US definitions, drawn from MIL-HDBK-5, are used.
- Maximum stress Smax: maximum value of stress reached during fatigue cycle
- Minimum stress Smin: minimum (algebraic) value of stress reached during fatigue cycle
- Stress ratio R = Smin/Smax; in detail R=-1 for alternatinng stress and R=0 for pulsing stress
- Cycles to failure N: number of fatigue cycles at which the rupture of the test piece happens; in many cases in the fatigue plots instead than the value of N the relevant decimal logarithm is shown.
- Notch factor or stress intensity factor Kt: factor by which the local mean stress is intensified due to presence of notches; for unnotched test pieces Kt=1
- Crack propagation rate da/dN, where 2a is the crack length at a certain moment of the propagation phase.

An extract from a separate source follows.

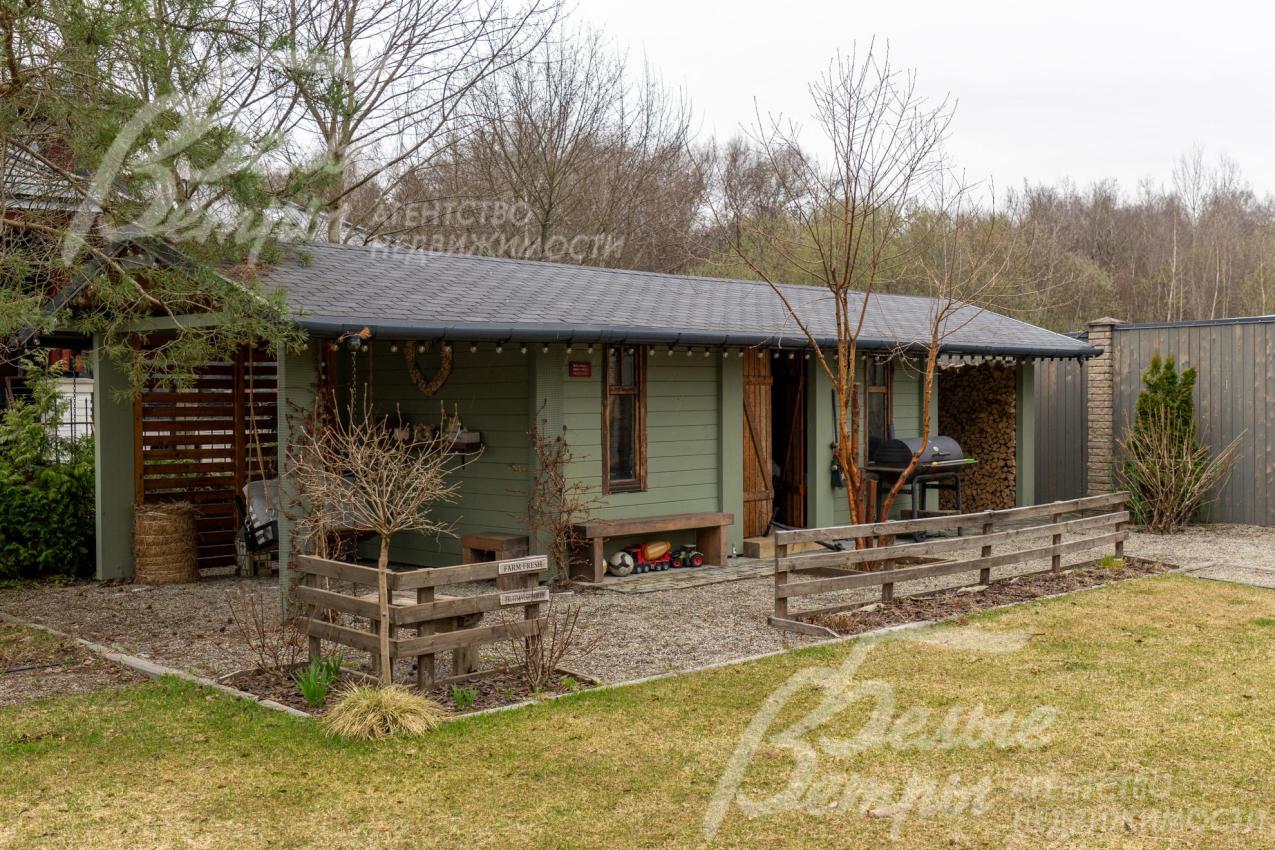 Также на участке есть хозяйственный блок с зоной хранения и домик для хранения инвентаря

- Stress Intensity Factor Range Δ K = Y (Smax - Smin) √a, where Y is a numerical constant and a the crack length
In general the fatigue properties of a material are determined experimentally on test pieces and shown as plots in form of
Fatigue curves (diagrams Smax versus N or versus log(N)), that show the number of cycles to rupture versus the maximum stress; these plots should report the type of stress applied (tensile, bending, etc.), the stress intensity factor, the stress ratio, the test environment, (if different from air in normal conditions of temperature and relative humidity), the frequency of application of load (if different from those normally used for testing, for which the experimental values are deemed not to be influenced by frequency) and, for aluminium alloys and other non isotropic materials, the metallurgical direction.
Crack propagation diagrams (diagrams da/dN versus Δ K), showing the speed at which the crack propagates as a function of level of applied stress.

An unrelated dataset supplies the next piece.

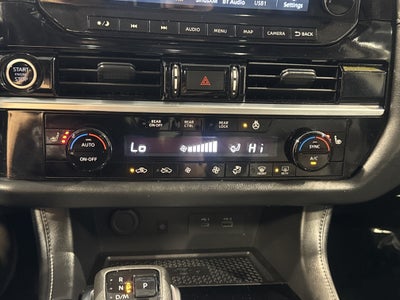 2024 Nissan Pathfinder SL W/Premium Package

The mechanical components contain in general abrupt changes in sections, holes, fillets, grooves that, under load, produce locally stress levels higher than the average stress levels computed on the basis of the nominal cross section.
Such local stresses depend on the shape of the part and the type of material.
The geometrical stress intensity factor or notch factor Kt is defined as the ratio of the local maximum stress and the average stress referred to the nominal cross section; the value of this factor can be drawn from the relevant manuals, or experimentally by use of photoelastic analysis, or using brittle lacquers, or with finite elements computing techniques.
As an example the data for a cylindrical part stressed in tension are shown.
For the design of a fatigue stressed part the following should be considered:
Selection of material: some aluminium alloys, specially those typical of aerospace, have been detailed investigated for fatigue, and the relevant data are available in bibliography. In general the alloys with the higher static allowables show the best fatigue properties.
Shape of part: particular care shall be given to stress raisers, in particular sharp corners and sharp slots shall be avoided wherever possible.
Surface conditions: the data of the fatigue curves are generally drawn out of test pieces ground with fine sand paper; rough finishing decreases consistently fatigue strength; the same as far as deep scratches and notches are involved. In the most critical cases local treatments of pre-compression of surfaces (shot peening or cold rolling) can be applied.
Surface protection: shall be adequate to the operating environment of the component, since possible corrosive attack can start building of fatigue cracks; pay attention that, specially for low cycle fatigue, anodising (and particularly hard anodising) reduces fatigue strength.